L’Académie royale des sciences de Suède a rendu son verdict ce mardi 7 octobre : le prix Nobel de physique 2025 revient à un trio de chercheurs d’exception. Le Britannique John Clarke, le Français Michel H. Devoret et l’Américain John Martinis. Ensemble, ils ont été récompensés pour des travaux qui ont bouleversé notre compréhension du monde quantique, en prouvant que les lois de la physique à l’échelle des particules peuvent aussi s’appliquer à des systèmes bien plus grands, visibles et mesurables.

Une révolution venue des années 1980

Tout commence dans les années 1980, lorsqu’un groupe de physiciens passionnés s’attaque à une question vertigineuse : jusqu’à quelle taille peut-on observer les effets de la mécanique quantique ? Jusque-là, le monde quantique était celui de l’infiniment petit, celui des électrons, des photons et des atomes. Michel Devoret, alors jeune chercheur, va participer à une série d’expériences qui vont bouleverser cette frontière.

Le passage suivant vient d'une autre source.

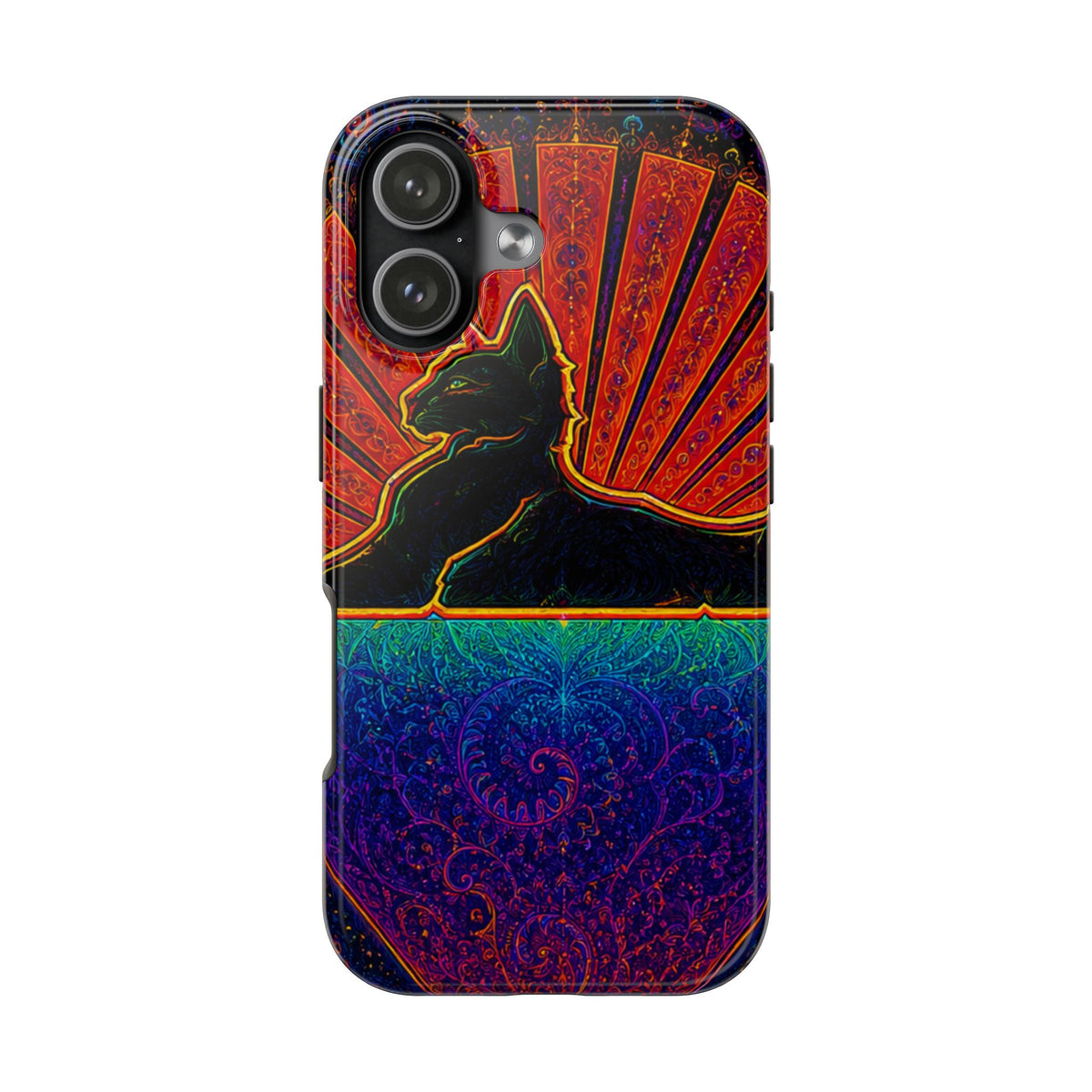 Grateful Dead Cat Sunset Phone Case | Psychedelic Skull, Rainbow Landscape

Avec Clarke et Martinis, il démontre que les phénomènes étranges de la physique quantique — ces comportements contre-intuitifs que l’on pensait réservés aux particules — peuvent aussi se manifester dans des circuits électriques « macroscopiques », autrement dit des systèmes assez grands pour être observés directement.

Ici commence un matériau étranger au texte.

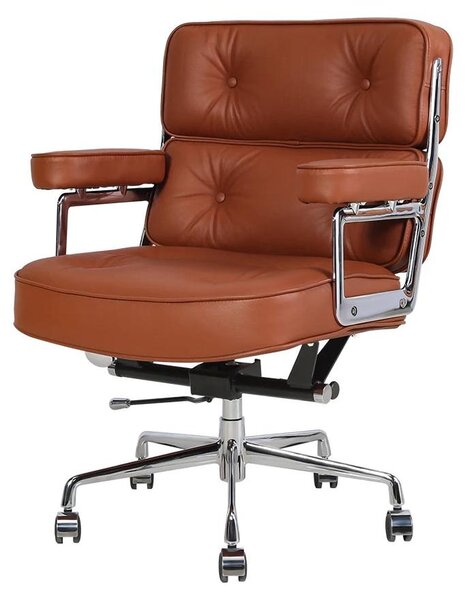 Sedia da ufficio ergonomica con schienale alto - Sedia girevole per computer con rivestimento in pelle - Marrone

L’effet tunnel quantique… à grande échelle

Leur découverte repose sur un phénomène fascinant : l’effet tunnel quantique. Dans le monde classique, lorsqu’une balle frappe un mur, elle rebondit. Dans le monde quantique, une particule peut, elle, traverser le mur sans l’abîmer, comme si elle avait trouvé un passage secret.

Ce que Devoret et ses collègues ont réussi à prouver, c’est que cet effet pouvait exister dans un système mesurable à l’œil nu, à travers des circuits supraconducteurs extrêmement sensibles. Ils ont ainsi mis en évidence la quantification de l’énergie dans un circuit électrique, une avancée majeure qui montre que même l’énergie ne circule pas de manière continue, mais par petits « paquets », appelés quanta.

Des expériences fondatrices pour les technologies du futur

Ces travaux, aussi élégants que visionnaires, ont ouvert la voie à ce qu’on appelle aujourd’hui les technologies quantiques de deuxième génération. Sans les recherches de Devoret, Clarke et Martinis, il n’y aurait probablement pas eu d’ordinateurs quantiques, ni de capteurs ultra-précis capables de détecter la moindre variation magnétique ou gravitationnelle.

Michel Devoret, aujourd’hui professeur à Yale, a consacré sa carrière à explorer les frontières entre le monde classique et le monde quantique. Ses recherches ont permis de concevoir des circuits électroniques capables de manipuler les qubits — ces bits quantiques qui sont la base du calcul quantique.

Un Nobel pour un pont entre deux mondes

En récompensant ce trio, le comité Nobel salue bien plus qu’une prouesse technique. Il reconnaît un changement de paradigme : la preuve que le monde quantique n’est pas une abstraction réservée aux théoriciens, mais une réalité que l’on peut manipuler, mesurer et exploiter.

Michel Devoret rejoint ainsi la lignée des grands physiciens français récompensés à Stockholm, de Pierre et Marie Curie à Serge Haroche. Un hommage à une vie passée à rendre visible ce que la physique avait toujours considéré comme invisible.